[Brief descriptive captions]
+ + + + +
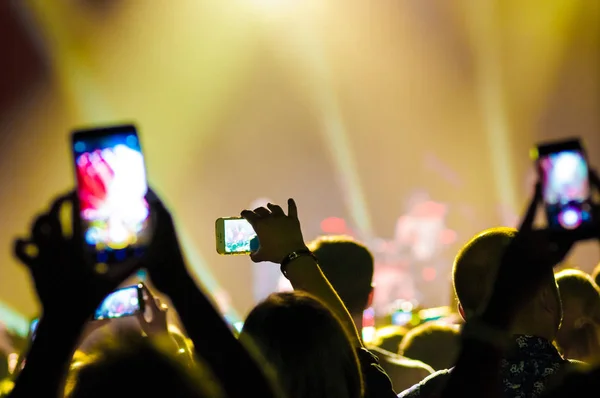 Bir konserde kalabalıkta insanlarla smartphons elinde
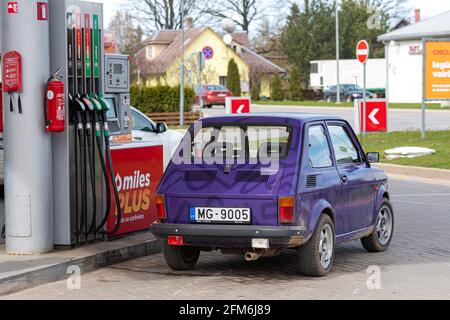 Gulbene, Latvia - May 02, 2021: a colorful vintage car Fiat 126 refueling at the gas station Stock Photo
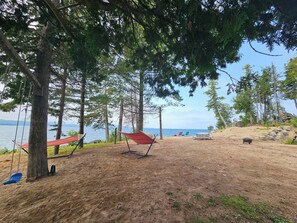 Ein Strand mit einer Hängematte, einer Schaukel und einem Picknicktisch.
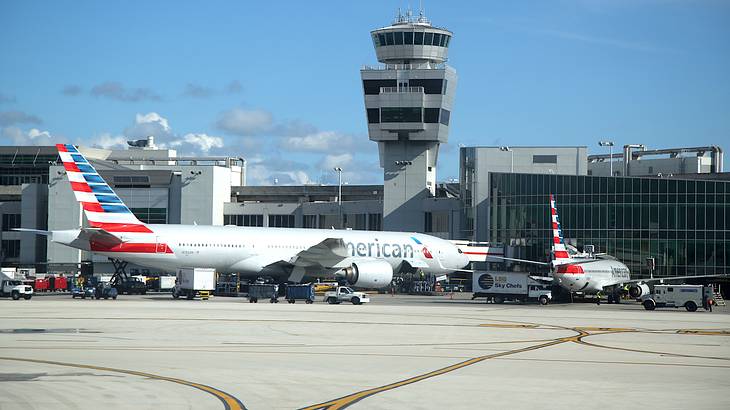 Two airplanes, one with a red striped tail, parked at an airport with a tower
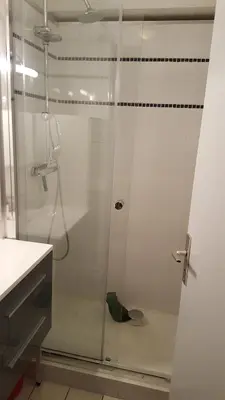 a shower with a glass door in a bathroom at Studio 4 personnes RDC avec jardin et parking sous terrain in Samoëns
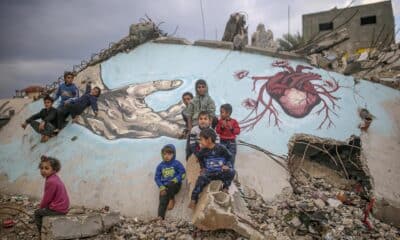 Foto de archivo de unos niños palestinos desplazados internamente juegan junto a un mural pintado sobre los escombros de una casa en Deir Al Balah, en la Franja de Gaza. EFE/ Mohammed Saber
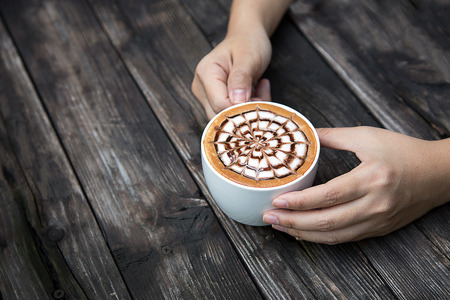 late coffee in mug on wood table in the morning time from top viewの写真素材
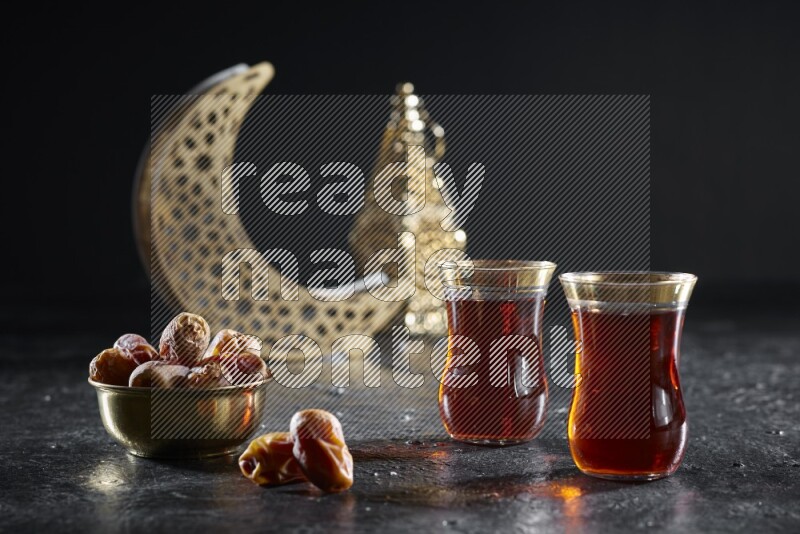 تمر مع مشروبات ساخنة وفوانيس ذهبية علي خلفية سوداء خشبية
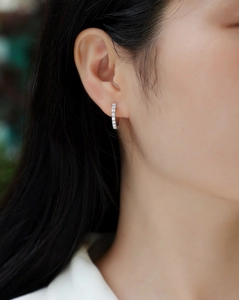 Close-up of minimalist S925 silver hoop earrings with white zircon stones on model ear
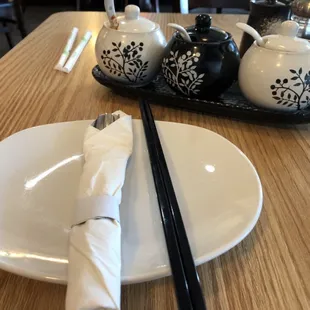 chopsticks and a plate with a napkin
+ + + + +
● WHAT THE EXERCISE ASKS: The expected output is the exact run of lines from the one containing "Two airplanes, one" through the final line of the data above, both ends included, with no pictures.

● YOUR SOLUTION:
 Two airplanes, one with a red striped tail, parked at an airport with a tower
 a shower with a glass door in a bathroom at Studio 4 personnes RDC avec jardin et parking sous terrain in Samoëns
 Foto de archivo de unos niños palestinos desplazados internamente juegan junto a un mural pintado sobre los escombros de una casa en Deir Al Balah, en la Franja de Gaza. EFE/ Mohammed Saber
 late coffee in mug on wood table in the morning time from top viewの写真素材
 تمر مع مشروبات ساخنة وفوانيس ذهبية علي خلفية سوداء خشبية
 Close-up of minimalist S925 silver hoop earrings with white zircon stones on model ear
 chopsticks and a plate with a napkin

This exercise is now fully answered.